Scraped caption text data:
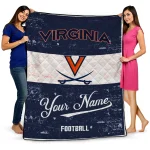 personalized virginia cavaliers hibiscus burst blue white quilt blanket best selling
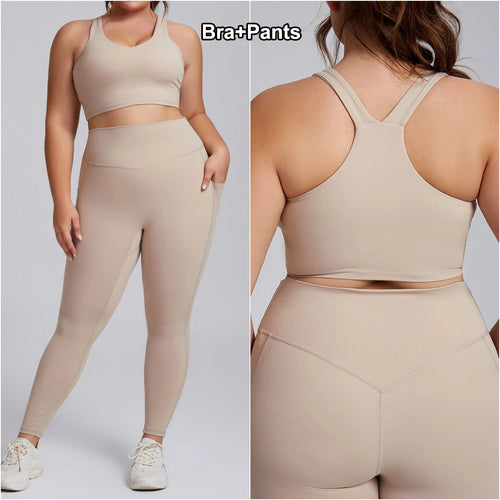 Women Gym Set Plus Size Workout Oufit Curvy Lady Sports Bra Yoga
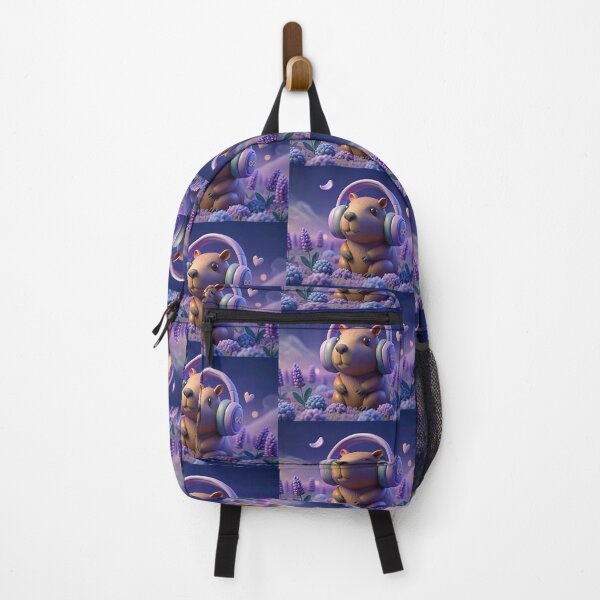 Item preview, Sensory Calm: Capybara with Headphones in Lavender designed and sold by Wonderful World of Whimsy.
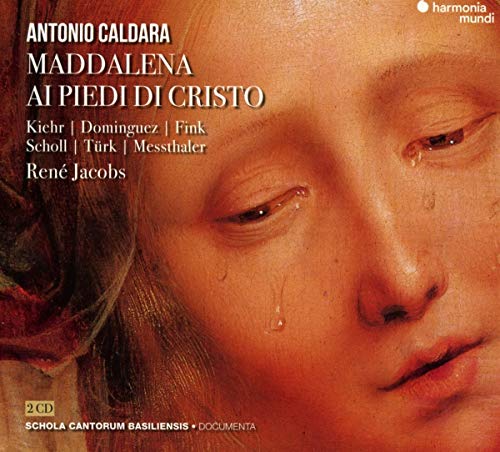 CD cover depicting a close-up of a weeping woman’s face, Renaissance style.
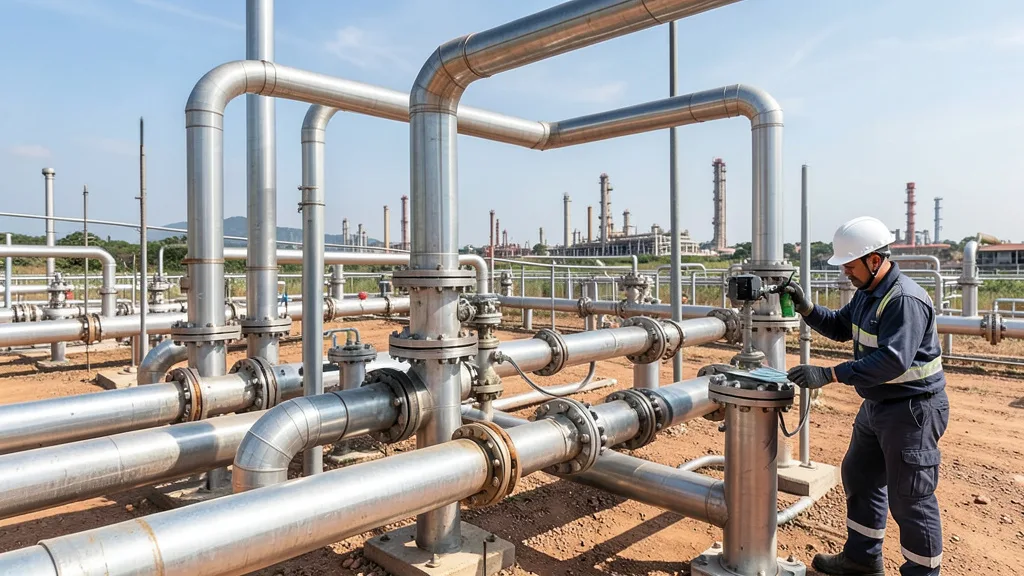 Imagem gerada por IA: Tubulações e equipamentos de uma unidade de processamento de gás natural.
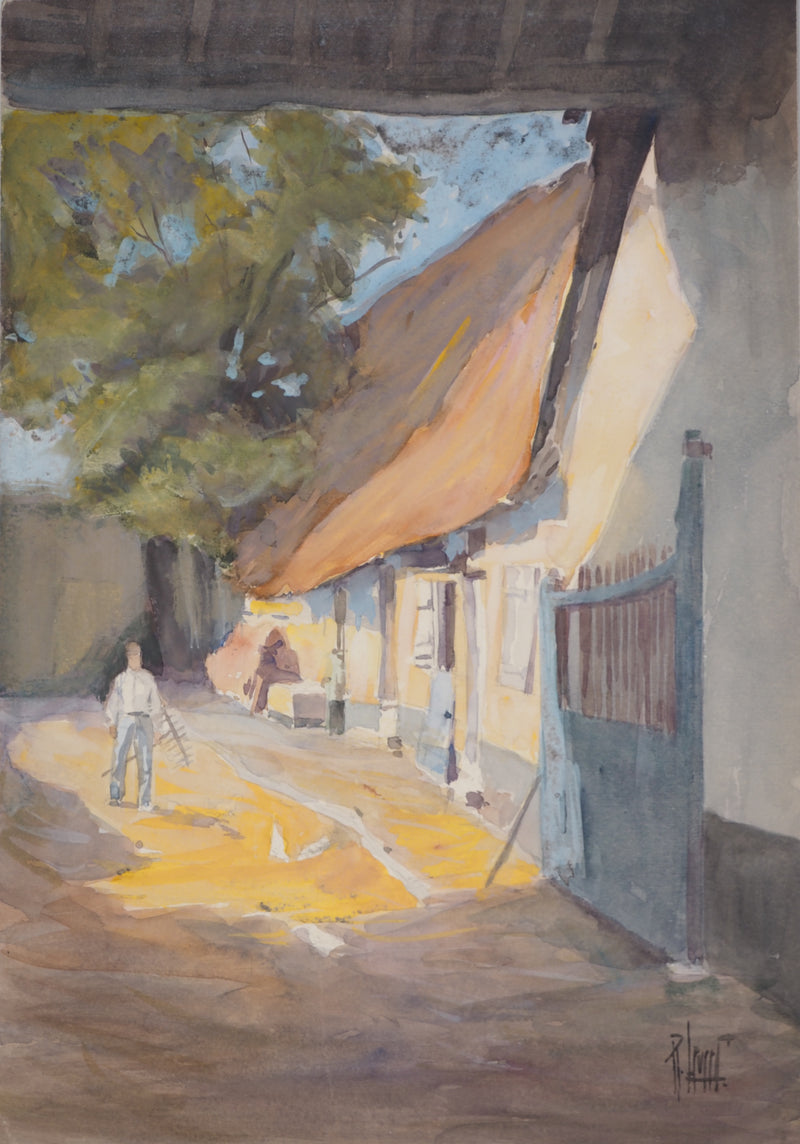 René LEVERD : Dans la cour, Aquarelle originale signée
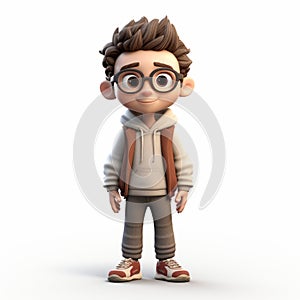 Cartoon 3d Illustration Of Henry, A Boy Wearing Glasses And Sunglasses photo
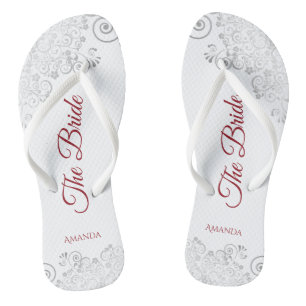 Einfaches Silver Lace & Red Script The Bride Weddi Flip Flops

Exercise description: Copy out all the data above exactly, pictures excluded.

Your response:
 personalized virginia cavaliers hibiscus burst blue white quilt blanket best selling
 Women Gym Set Plus Size Workout Oufit Curvy Lady Sports Bra Yoga
 Item preview, Sensory Calm: Capybara with Headphones in Lavender designed and sold by Wonderful World of Whimsy.
 CD cover depicting a close-up of a weeping woman’s face, Renaissance style.
 Imagem gerada por IA: Tubulações e equipamentos de uma unidade de processamento de gás natural.
 René LEVERD : Dans la cour, Aquarelle originale signée
 Cartoon 3d Illustration Of Henry, A Boy Wearing Glasses And Sunglasses photo
 Einfaches Silver Lace & Red Script The Bride Weddi Flip Flops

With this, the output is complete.